My best guess is now to do the following with Salt states (but might as well be Ansible or whatever).
Make sure the RPM/DEB elastic-agent is not installed
Check if /etc/systemd/system/elastic-agent.service and /opt/Elastic exists, if not, then
Download the intended version of the Elastic Agent tar file to /tmp if it doesn't exist
If the above condition happens, then extract it in /tmp as well
Then run the single shot command to install the agent with the --non-interactive switch
With the action of downloading/extracting the tar file registered, cleanup afterwards
Make sure the elastic-agent.service is enabled and started
The upgrade feature is not supported for upgrading DEB/RPM packages or Docker images.
The confusion originates more because of the setup you have to work with. Sure, it will work, by carefully making sure it will be idempotent and the desired state is ensured, something you shouldn't have to because better methods already have existed for quite some time. To me it looks like it was setup as a proof of concept and got adopted as a production solution without looking for proper integration in a Linux environment. That example alone is also very strange, almost as if it was thought of by someone who doesn't use Linux on a professional level.
Repositories have existed for a long time to make sure you install the latest version released, with as a bonus a PGP check before installing.
Installing something directly with dpkg or rpm is also a bit of an ugly thing to do, those are not dependency revolvers, but I get they are used in this step because of the first step.
Installing a service with a command is also strange, basically everything in Linux is a file.
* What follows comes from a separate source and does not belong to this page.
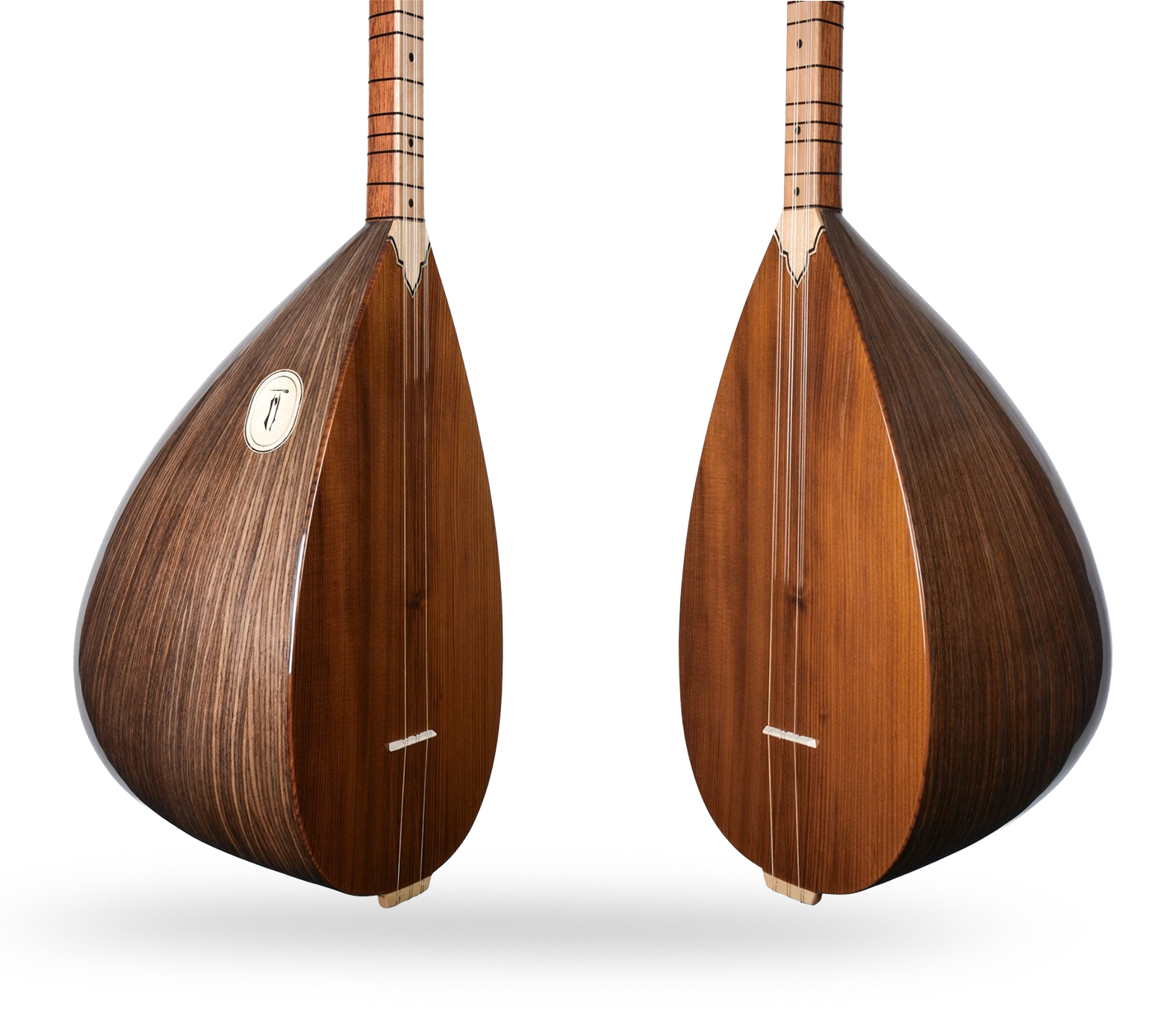Bağlama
Especially configuration files. A yaml file with that information would be easier to deploy over multiple nodes than running that command.
systemctl enable --now elastic-agent is sufficient, no need to run 2 separate commands.
The documentation talks as if the native Linux methods are "3rd party", but I think it's the opposite way. Anyway, I'm not here to criticize, I'm trying to find a proper solution. I find it hard to believe I'm the first and only one who doesn't find this method production suitable. It's as if the designers only thought of deploying it as a test, not actual managing it on a large cluster.
Large HPC (High Performance Computing) cluster. Making sure a config file is in the correct state is easier to do than to check for all the conditions to match correctly and then either re-enroll or install an agent.
I can give it a try, but if I'm the first that brings this up, then I'm very much interested in how other's have approached this.
I had a couple of issues last year when we planned to start using more the Elastic Agent, but it was more related on how the data management and custom pipelines/templates/mappings work.
We planned to replace some of our many Logstash pipelines with Elastic Agent integrations, but since we had a lot of custom transformations, mappings and lifecycle policies we looked on how to do that with Elastic Agent and it would add a lot more of work to manage everything.
It would make it easier to add new data because of the integrations, but the management of this data would be way more complex, I made some suggestion on this github issue it seems that things are improving on this side.
But I agree that the documentation can be confusing sometimes.
We had a plan to replace thousands of Wazuh agents with Elastic Agents, that we stopped because of the issues mentioned before, but the steps we planned were something like this:
Create an agent policy for Windows Hosts
Create an agent policy for Linux hosts
Automate the download and deploy of the tar.gz versin of the Agent using the correspondent enrollment token for each policy
It looks like that this could work, but we never tested because the plan was cancelled.
I think that the documentation can be greatly improved with an example on how to deploy the Elastic Agent using only CLI, without the need to rely on Kibana.